Another thing undecided is which of the three men will get the two
staterooms aboard the station and which one will be left floating in the
service module after lights out. The Russian-built Zvezda module was designed
with a crew of two in mind, but later plans called for launching three-member
crews.
The service module is expected to be uncomfortably hot and as noisy as
a downtown street corner.
“We’re not entirely sure when we get up there that there’s going to
be places you want to sleep in,” said Shepherd. “We decided to work that out
when we get up there.”
There is also a question of traditions for the station. Shepherd, a
former Navy SEAL, said he wants to institute some nautical traditions, since
he tends to think of the winged space shuttle as an airplane and the floating
space station as a ship.
But crewmate Sergei Krikalov, with more than 15 months of outer space
experience, most of it on the Russian Mir station, warned that traditions are
hard to establish.
Both Shepherd and crewmate Yuri Gidzenko said they plan to take books
and CDs to occupy their space time, but Krikalov said he has never spent much
time reading in space.
“Every time you have the opportunity you just go look outside. The
book you can read back here,” Krikalov said.
Both Shepherd and Krikalov are trained as medical officers for the
flight.
“Astronauts that have been shocked, poisoned, lacerations — that
sort of thing — we can deal with. We can pull teeth if necessary,” he said.
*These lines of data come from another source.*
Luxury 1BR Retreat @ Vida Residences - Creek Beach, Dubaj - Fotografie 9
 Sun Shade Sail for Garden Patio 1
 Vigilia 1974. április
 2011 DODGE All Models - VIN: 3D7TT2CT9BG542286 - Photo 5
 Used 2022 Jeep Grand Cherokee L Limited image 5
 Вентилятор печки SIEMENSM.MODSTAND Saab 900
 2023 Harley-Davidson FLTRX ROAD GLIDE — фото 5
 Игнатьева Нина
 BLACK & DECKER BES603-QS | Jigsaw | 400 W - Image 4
Something more severe, a heart attack, for instance, would leave flight
surgeons on the ground with a quandary — whether it is better to leave the
sick crew member in place or expose him to the stress of a fiery re-entry
into the Earth’s atmosphere.
All three agreed that their prolonged training period, brought on by
difficulties getting the service module into orbit, probably will make it
easier for them to get along in an environment that flight officials
acknowledge is harsh and industrial.
“We have been together for four years, and I feel that is enough time
to understand each other,” Gidzenko said.